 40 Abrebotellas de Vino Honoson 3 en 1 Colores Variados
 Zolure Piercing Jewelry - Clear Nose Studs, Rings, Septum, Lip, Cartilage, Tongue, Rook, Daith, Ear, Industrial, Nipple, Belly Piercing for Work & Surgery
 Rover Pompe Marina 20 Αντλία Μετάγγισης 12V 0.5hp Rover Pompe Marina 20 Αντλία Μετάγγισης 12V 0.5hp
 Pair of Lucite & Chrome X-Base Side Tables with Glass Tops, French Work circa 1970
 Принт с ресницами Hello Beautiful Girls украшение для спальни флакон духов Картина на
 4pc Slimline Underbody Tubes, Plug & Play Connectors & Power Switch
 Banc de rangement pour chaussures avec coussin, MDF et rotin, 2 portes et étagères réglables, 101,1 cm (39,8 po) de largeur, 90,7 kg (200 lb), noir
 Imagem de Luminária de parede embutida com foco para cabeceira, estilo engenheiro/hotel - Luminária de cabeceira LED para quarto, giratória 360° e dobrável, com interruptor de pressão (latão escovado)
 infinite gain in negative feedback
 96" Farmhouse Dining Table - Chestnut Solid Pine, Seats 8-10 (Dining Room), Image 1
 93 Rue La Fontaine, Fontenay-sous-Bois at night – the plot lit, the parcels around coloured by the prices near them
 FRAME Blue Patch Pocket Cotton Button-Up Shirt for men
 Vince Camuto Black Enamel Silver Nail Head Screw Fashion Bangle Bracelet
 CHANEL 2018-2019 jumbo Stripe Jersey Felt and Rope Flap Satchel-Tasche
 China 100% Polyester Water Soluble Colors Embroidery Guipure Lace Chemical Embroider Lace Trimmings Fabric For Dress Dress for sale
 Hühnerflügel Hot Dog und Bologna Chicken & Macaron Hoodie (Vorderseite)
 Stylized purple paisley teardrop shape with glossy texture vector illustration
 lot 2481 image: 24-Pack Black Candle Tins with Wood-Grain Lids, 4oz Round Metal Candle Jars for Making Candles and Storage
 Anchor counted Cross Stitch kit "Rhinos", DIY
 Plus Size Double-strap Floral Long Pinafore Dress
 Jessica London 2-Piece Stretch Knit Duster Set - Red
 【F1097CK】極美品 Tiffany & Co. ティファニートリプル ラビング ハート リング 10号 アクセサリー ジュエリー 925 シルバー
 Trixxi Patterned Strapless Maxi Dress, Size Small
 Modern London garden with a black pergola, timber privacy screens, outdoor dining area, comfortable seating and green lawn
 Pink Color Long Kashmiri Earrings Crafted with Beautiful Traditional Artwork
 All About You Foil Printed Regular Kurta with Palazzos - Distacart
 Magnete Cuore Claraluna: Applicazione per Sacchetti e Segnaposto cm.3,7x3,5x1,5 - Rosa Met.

........

PROBLEM REQUIREMENTS:
Above are the records; copy each line from them that includes the string "London".

EXERCISE ANSWER:
 Jessica London 2-Piece Stretch Knit Duster Set - Red
 Modern London garden with a black pergola, timber privacy screens, outdoor dining area, comfortable seating and green lawn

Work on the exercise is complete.